> _Your task_: Could you copy every line from the material below in which "button" appears?

> _The records_:
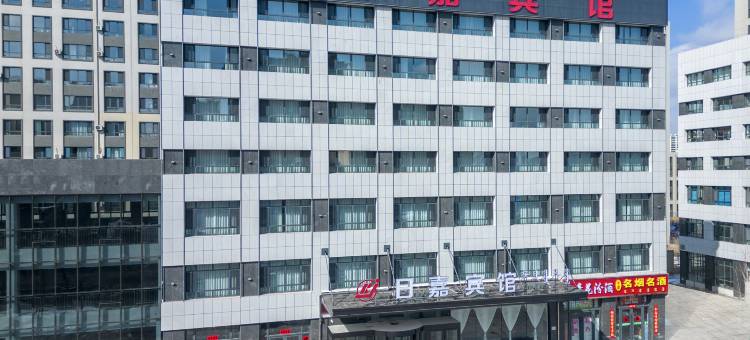日嘉宾馆(赤峰松山万达广场店)图片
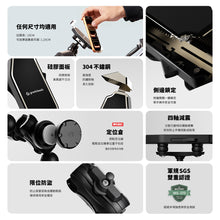 將圖片載入圖庫檢視器 GC 二勢力機車手機支架
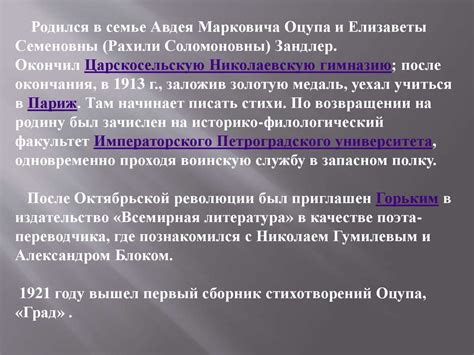 Интерпретация прозрений об оставленной заточенности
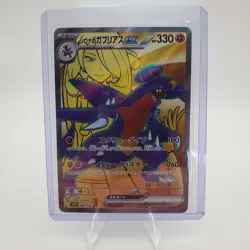 Cynthia's Garchomp ex SR 080/063 sv9a Korean Pokemon Card Heat Wave Arena - NM - Image 3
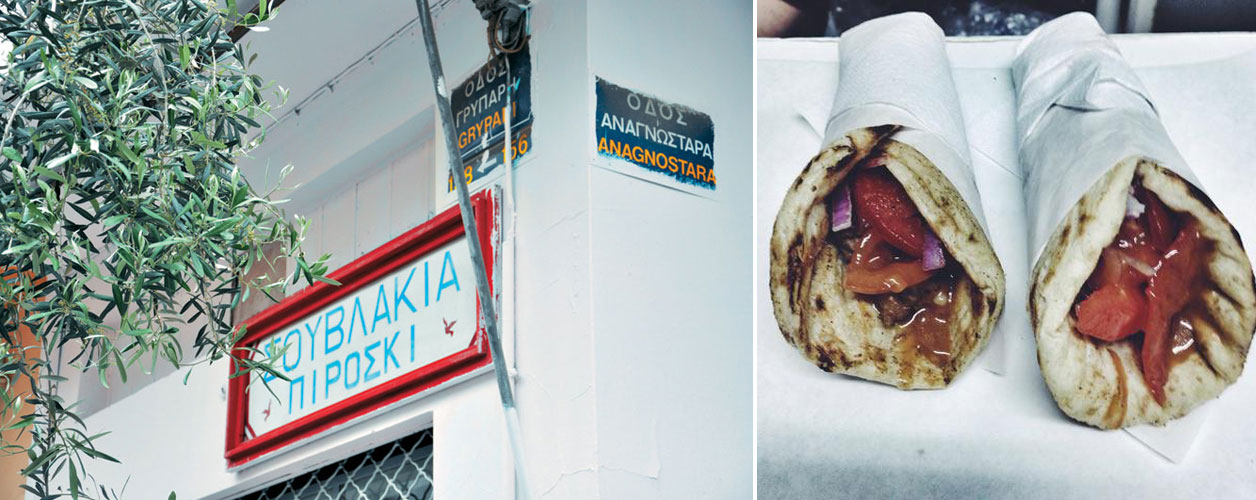 Τα καλύτερα σουβλάκια της πόλης, street food, σουβλάκι, πιτόγυρος, τζατζίκι, πατάτες, souvlaki, nikosonline.gr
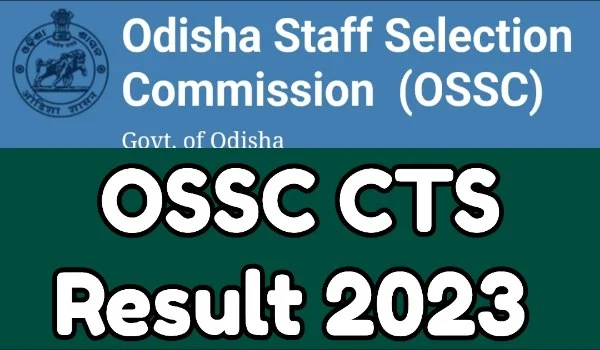 OSSC CTS Result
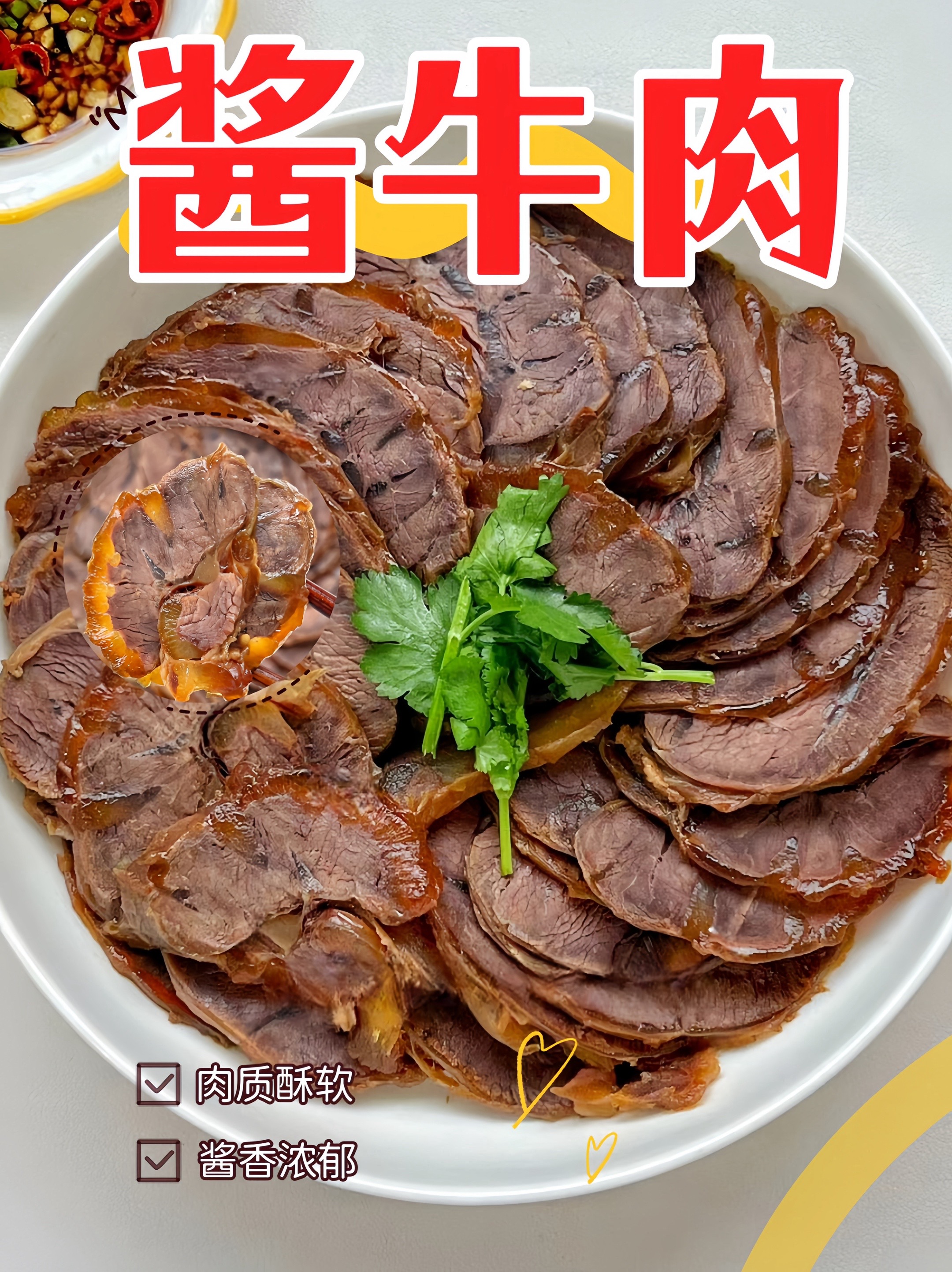 茄子助手：选对酱牛肉！揭秘劣质产品的隐患与辛巴高品质推荐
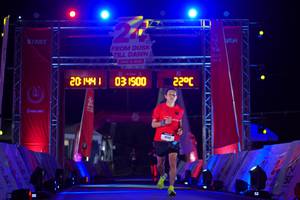 BIB: 
                            <button type="button" onclick="openModal(26194900)" class="btn btn-primary btn-sm float-right btn-popup" data-toggle="modal" data-target=".modal-high-quality">
                        <i class="fas fa-shopping-cart"></i> Add to Cart
                    </button>
                                            <button type="button" onclick="isThisMe(26194900, true)" class="btn btn-success btn-sm float-right btn-popup btn-isme hidden" data-toggle="tooltip" data-placement="bottom" title="นี่คือรูปของคุณใช่ไหม คลิกที่นี่เพื่อเอาเข้าอัลบั้ม">
                        <i class="fas fa-plus"></i> Add to album
                    </button>
                    <button type="button" onclick="isThisMe(26194900, false)" class="btn btn-warning btn-sm float-right btn-popup btn-isnotme hidden">
                        <i class="fas fa-ban"></i> Remove from album
                    </button>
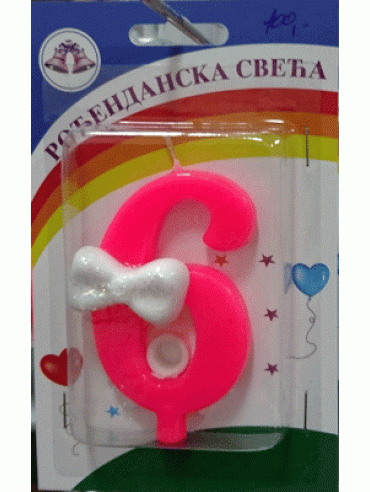 Svećica aplikacija mašna 6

> _Response_:
                            <button type="button" onclick="openModal(26194900)" class="btn btn-primary btn-sm float-right btn-popup" data-toggle="modal" data-target=".modal-high-quality">
                    </button>
                                            <button type="button" onclick="isThisMe(26194900, true)" class="btn btn-success btn-sm float-right btn-popup btn-isme hidden" data-toggle="tooltip" data-placement="bottom" title="นี่คือรูปของคุณใช่ไหม คลิกที่นี่เพื่อเอาเข้าอัลบั้ม">
                    </button>
                    <button type="button" onclick="isThisMe(26194900, false)" class="btn btn-warning btn-sm float-right btn-popup btn-isnotme hidden">
                    </button>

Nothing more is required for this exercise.